PDF(Pubmed)
Abstract:
Mycobacterial membrane proteins play a pivotal role in the bacterial invasion of host cells; however, the precise mechanisms underlying certain membrane proteins remain elusive. Mycolicibacterium smegmatis (Ms) msmeg5257 is a hemolysin III family protein that is homologous to Mycobacterium tuberculosis (Mtb) Rv1085c, but it has an unclear function in growth. To address this issue, we utilized the CRISPR/Cas9 gene editor to construct Δmsmeg5257 strains and combined RNA transcription and LC-MS/MS protein profiling to determine the functional role of msmeg5257 in Ms growth.

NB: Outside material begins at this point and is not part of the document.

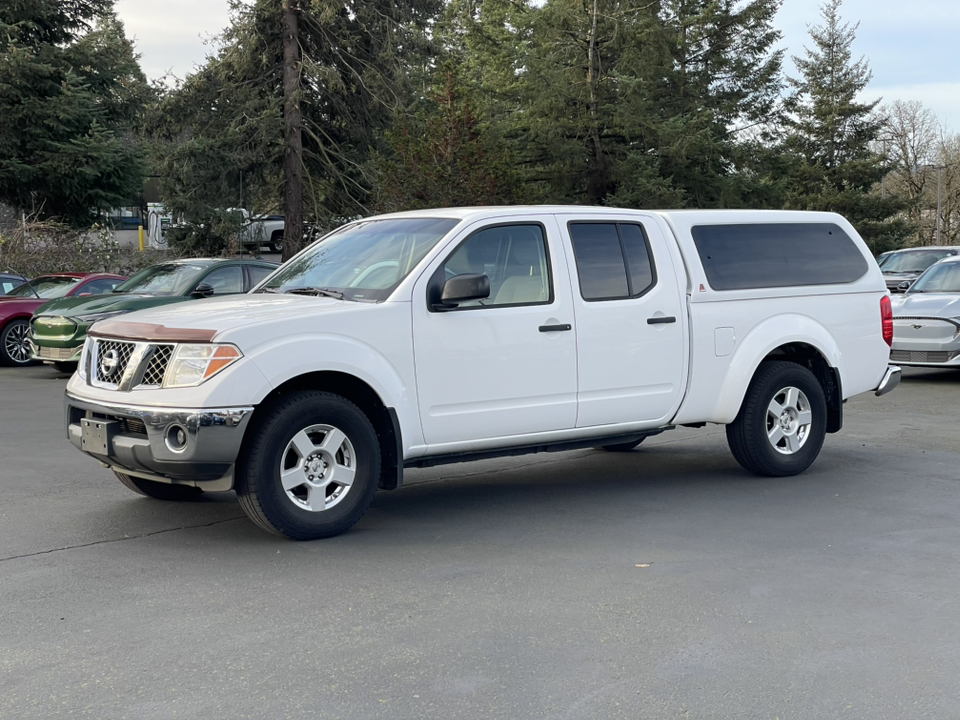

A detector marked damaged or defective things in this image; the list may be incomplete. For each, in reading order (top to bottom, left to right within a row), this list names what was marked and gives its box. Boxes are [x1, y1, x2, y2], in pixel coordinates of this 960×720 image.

pavement crack [0, 516, 248, 564]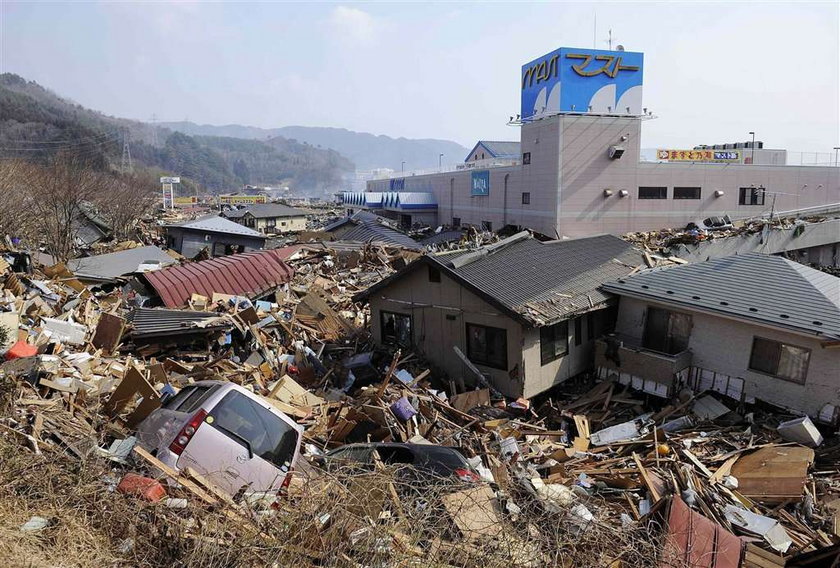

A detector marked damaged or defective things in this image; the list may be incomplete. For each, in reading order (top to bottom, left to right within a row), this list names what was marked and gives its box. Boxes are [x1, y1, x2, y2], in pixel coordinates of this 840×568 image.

The correlative analysis showed that the deletion of msmeg5257 inhibits ABC transporters in the cytomembrane and inhibits the biosynthesis of amino acids in the cell wall. Corresponding to these results, we confirmed that MSMEG5257 localizes in the cytomembrane via subcellular fractionation and also plays a role in facilitating the transport of iron ions in environments with low iron levels. Our data provide insights that msmeg5257 plays a role in maintaining Ms metabolic homeostasis, and the deletion of msmeg5257 significantly impacts the growth rate of Ms. Furthermore, msmeg5257, a promising drug target, offers a direction for the development of novel therapeutic strategies against mycobacterial diseases.
摘要:
分枝杆菌膜蛋白在细菌入侵宿主细胞中起着举足轻重的作用;然而,某些膜蛋白的确切机制仍然难以捉摸。耻垢分枝杆菌(Ms)msmg5257是一种溶血素III家族蛋白,与结核分枝杆菌(Mtb)Rv1085c同源,但它在增长中的作用不明确。为了解决这个问题,我们利用CRISPR/Cas9基因编辑器构建Δmsmeg5257菌株,并结合RNA转录和LC-MS/MS蛋白谱分析来确定msmeg5257在Ms生长中的功能作用。相关分析表明,msmeg5257的缺失抑制了细胞膜中的ABC转运蛋白,并抑制了细胞壁中氨基酸的生物合成。与这些结果相对应,我们证实MSMEG5257通过亚细胞分级分离定位在细胞膜中,并且在低铁水平环境中促进铁离子的运输方面也起作用.我们的数据提供了msmeg5257在维持Ms代谢稳态方面发挥作用的见解,msmeg5257的缺失显著影响了Ms的增长率。msmg5257,一个有前途的药物靶标,为开发针对分枝杆菌疾病的新型治疗策略提供了方向。